Sakız çiğnemeyi bırakmalı mısınız?
Araştırmaya göre günlük hayatta maruz kaldığımız mikroplastiklerin birçoğu, sakızdan çok daha fazla risk taşıyor. “Bir sakız çubuğunun yol açtığı mikroplastik miktarı, örneğin çay poşetlerindekine kıyasla çok daha az” diyor Mohanty.Yine de, uzmanlar sakız tüketimini azaltmanın akıllıca olabileceğini belirtiyor. Özellikle birden fazla sakız yerine, tek bir sakızı daha uzun süre çiğnemek daha güvenli olabilir.

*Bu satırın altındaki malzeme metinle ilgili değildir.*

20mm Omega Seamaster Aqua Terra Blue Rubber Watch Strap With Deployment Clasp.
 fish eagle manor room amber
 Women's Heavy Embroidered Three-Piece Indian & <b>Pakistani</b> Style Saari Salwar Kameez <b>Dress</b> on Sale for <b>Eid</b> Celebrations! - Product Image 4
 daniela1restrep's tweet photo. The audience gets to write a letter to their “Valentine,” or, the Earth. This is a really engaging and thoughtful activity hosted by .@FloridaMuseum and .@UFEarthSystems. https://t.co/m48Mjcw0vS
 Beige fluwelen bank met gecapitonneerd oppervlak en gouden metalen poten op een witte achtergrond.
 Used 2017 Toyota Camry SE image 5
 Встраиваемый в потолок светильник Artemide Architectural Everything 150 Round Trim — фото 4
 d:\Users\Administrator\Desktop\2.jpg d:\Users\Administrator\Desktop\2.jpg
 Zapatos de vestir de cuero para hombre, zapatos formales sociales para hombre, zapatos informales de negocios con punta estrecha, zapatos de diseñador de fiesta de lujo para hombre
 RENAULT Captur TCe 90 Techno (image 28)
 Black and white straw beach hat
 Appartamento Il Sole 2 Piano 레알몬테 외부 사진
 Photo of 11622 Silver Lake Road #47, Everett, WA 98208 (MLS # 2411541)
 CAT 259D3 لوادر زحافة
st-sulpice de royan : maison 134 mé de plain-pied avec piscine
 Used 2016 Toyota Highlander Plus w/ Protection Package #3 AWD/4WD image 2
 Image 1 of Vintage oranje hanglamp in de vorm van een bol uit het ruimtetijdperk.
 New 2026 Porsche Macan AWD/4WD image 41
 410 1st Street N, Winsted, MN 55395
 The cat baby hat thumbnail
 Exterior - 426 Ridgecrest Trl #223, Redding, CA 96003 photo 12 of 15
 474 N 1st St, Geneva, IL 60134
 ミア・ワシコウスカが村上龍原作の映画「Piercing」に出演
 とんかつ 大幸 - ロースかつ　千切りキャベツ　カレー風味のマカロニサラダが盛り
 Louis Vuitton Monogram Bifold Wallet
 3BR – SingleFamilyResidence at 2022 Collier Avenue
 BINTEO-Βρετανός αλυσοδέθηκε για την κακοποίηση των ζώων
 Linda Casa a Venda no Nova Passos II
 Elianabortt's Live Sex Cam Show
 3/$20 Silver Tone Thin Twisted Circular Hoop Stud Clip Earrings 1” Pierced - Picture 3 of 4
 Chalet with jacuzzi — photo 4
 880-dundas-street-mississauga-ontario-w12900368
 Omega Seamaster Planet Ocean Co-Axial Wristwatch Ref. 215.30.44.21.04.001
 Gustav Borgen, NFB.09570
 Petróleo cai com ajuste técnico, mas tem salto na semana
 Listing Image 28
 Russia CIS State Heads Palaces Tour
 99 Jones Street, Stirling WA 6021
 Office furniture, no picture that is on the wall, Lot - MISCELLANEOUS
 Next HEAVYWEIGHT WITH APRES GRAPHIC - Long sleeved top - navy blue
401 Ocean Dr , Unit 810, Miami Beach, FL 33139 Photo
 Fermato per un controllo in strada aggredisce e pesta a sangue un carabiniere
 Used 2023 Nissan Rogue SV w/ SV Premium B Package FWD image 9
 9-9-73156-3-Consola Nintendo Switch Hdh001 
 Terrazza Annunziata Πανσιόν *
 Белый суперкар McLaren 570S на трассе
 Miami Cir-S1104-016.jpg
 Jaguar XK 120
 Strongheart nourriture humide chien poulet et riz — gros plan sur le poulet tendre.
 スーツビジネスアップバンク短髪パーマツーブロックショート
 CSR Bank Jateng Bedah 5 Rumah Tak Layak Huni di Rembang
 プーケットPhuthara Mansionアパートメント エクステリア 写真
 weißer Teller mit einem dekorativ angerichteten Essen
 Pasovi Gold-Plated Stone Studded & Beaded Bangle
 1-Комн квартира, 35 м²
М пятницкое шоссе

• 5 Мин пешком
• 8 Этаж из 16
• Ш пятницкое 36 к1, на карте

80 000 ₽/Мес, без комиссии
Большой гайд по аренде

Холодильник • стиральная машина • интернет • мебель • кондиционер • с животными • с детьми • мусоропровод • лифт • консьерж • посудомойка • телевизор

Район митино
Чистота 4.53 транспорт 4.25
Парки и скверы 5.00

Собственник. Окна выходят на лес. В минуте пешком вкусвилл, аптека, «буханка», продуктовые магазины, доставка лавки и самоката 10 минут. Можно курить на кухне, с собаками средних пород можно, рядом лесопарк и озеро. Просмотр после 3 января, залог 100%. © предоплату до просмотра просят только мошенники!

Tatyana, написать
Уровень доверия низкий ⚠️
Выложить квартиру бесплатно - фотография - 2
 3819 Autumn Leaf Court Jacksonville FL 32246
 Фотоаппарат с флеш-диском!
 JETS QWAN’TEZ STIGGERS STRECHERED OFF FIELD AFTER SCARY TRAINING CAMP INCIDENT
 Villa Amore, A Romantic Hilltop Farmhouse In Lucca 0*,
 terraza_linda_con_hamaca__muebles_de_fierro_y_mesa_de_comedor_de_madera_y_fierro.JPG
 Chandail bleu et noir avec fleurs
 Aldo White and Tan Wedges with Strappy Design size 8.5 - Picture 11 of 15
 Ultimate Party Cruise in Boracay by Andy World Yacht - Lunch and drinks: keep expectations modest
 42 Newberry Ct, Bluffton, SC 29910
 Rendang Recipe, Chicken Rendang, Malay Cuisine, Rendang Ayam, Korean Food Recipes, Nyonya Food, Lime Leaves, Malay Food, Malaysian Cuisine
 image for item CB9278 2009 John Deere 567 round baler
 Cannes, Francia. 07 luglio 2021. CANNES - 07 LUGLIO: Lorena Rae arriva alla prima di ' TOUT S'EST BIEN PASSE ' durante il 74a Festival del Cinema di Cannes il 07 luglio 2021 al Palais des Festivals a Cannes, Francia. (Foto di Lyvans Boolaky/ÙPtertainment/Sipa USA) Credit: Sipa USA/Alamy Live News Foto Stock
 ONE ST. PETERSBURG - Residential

Sakızınızı çöpe atarak uygun şekilde bertaraf edin; toprağa veya denizlere atmayın, çünkü çevreye zarar verebilir. Ve mümkünse sakızı yutmayın. Sentetik sakızlar yaklaşık üç yılda parçalanırken, doğal sakızlar çok daha hızlı bozulabiliyor ve yutulduğunda daha fazla mikroplastik salabilir.
Son olarak, genel olarak plastik kullanımını azaltmak, uzun vadede hepimiz için daha sağlıklı bir dünya yaratır. Gerçekten alternatifi olmayan alanlar dışında plastik kullanımını ne kadar hızlı azaltırsak, hepimiz için o kadar iyi olur.